*ACTIVITY*. Could you write out, word for word, each line from the one containing "Vista Atenas Bed" to the last line of the data below, both included and nothing more?

*DATA BLOCK*.

--- START ---

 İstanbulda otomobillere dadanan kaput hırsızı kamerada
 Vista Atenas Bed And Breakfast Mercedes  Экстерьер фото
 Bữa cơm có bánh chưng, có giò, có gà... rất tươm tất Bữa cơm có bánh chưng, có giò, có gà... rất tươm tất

--- END ---

*EXERCISE RESPONSE*.
 Vista Atenas Bed And Breakfast Mercedes  Экстерьер фото
 Bữa cơm có bánh chưng, có giò, có gà... rất tươm tất Bữa cơm có bánh chưng, có giò, có gà... rất tươm tất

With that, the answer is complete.